A complete introduction to parallel and distributed computing covering system evolution, parallel vs distributed systems, Flynn’s taxonomy (SIMD, MIMD), and key performance motivations.

Parallel and Distributed Computing is the foundation of modern high-performance systems. Whether you’re running apps on a smartphone, training AI models, streaming videos, simulating climate systems, or serving millions of web users, you’re depending on computation happening simultaneously either inside one machine (parallel) or across many machines (distributed).

This lecture builds the core understanding you need before learning OpenMP, MPI, GPU programming, and performance tuning. We’ll go deep into the evolution of computing, parallel vs distributed systems, Flynn’s taxonomy (SIMD, MIMD), and the main motivations: performance, scalability, and energy efficiency.

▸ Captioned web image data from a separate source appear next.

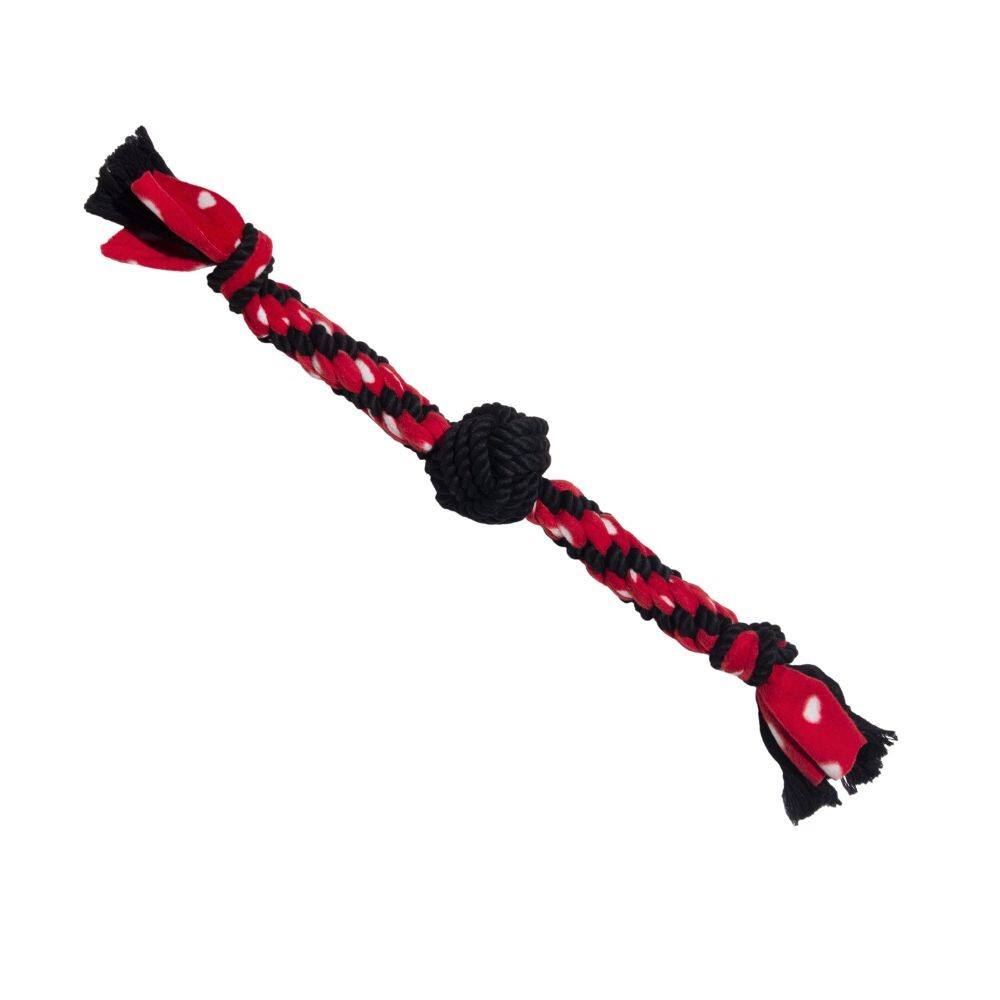 Kg2210 - Corde avec 2 Noeuds et 1 Balle pour Chiens - Kong 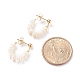 Orecchini pendenti per donna con anello di perle naturali e perline EJEW-TA00054-3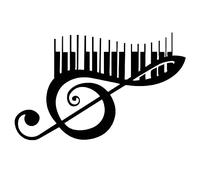 Decorazione Da Parete Con Note Musicali, Tasti Di Pianoforte In Bianco E Nero Silhouette In Metallo Sculture, Arte Della Parete In Metallo, Decorazione Della Stanza Della Musica ( Size : 11.8IN/30cm )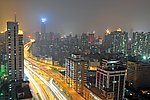 广州城市立交桥夜景
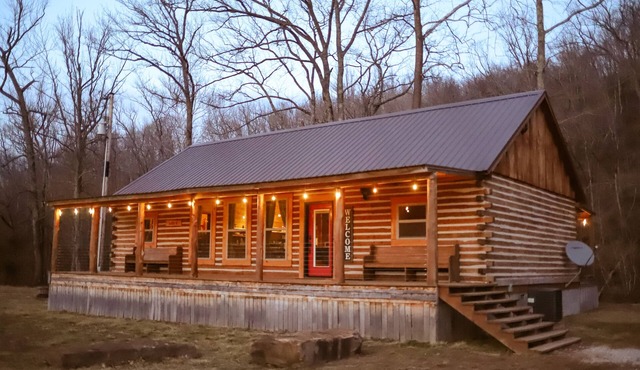BUCKEYE Creekside Cabin Ride to the trails from the cabin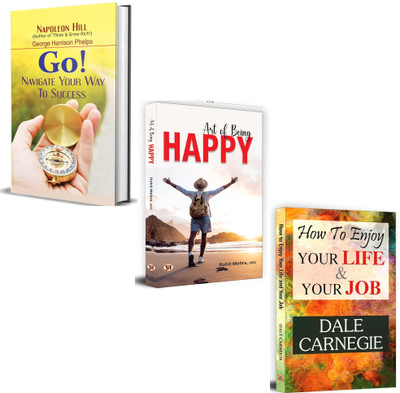 Go! Navigate Your Way To Success + How To Enjoy Your Life And Your Job + Art Of Being Happy Developing Your Confidence, Resilience, Appreciation And Communication
| Happiness Masterclass | Emotional Well-Being | Positive Psychology | Self-Improvement Techniques (Set Of 3 Books)(Hardcover, George Har Go! Navigate Your Way To Success + How To Enjoy Your Life And Your Job + Art Of Being Happy Developing Your Confidence, Resilience, Appreciation And Communication
| Happiness Masterclass | Emotional Well-Being | Positive Psychology | Self-Improvement Techniques (Set Of 3 Books)(Hardcover, George Har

1) Evolution of Computing Systems

1.1 Early Era: Single Processor (Sequential Computing)

Initially, computers were designed to execute one instruction at a time. The classical model is Von Neumann architecture, where:

Instructions and data share memory.
A single CPU fetches and executes instructions sequentially.
One “instruction stream” processes one “data stream.”

This approach shaped early programming:

One CPU core
One control flow
One program counter

1.2 Performance Growth Through Frequency Scaling

For many years, CPUs improved primarily by:

Increasing clock speed (MHz → GHz)
Improving instruction pipelines
Using caches
Adding instruction-level parallelism (ILP), such as pipelining and superscalar execution

But this approach hit limits.

1.3 Why Clock Speed Couldn’t Keep Increasing (The Wall)

Increasing frequency increases:

Power consumption
Heat production
Leakage current in transistors

This led to major barriers:

Power wall: power becomes too high to cool economically.
Thermal wall: chips overheat.
Memory wall: CPU became faster than memory; CPU waits for data.
ILP wall: compilers and hardware can’t extract unlimited parallelism from single instruction streams.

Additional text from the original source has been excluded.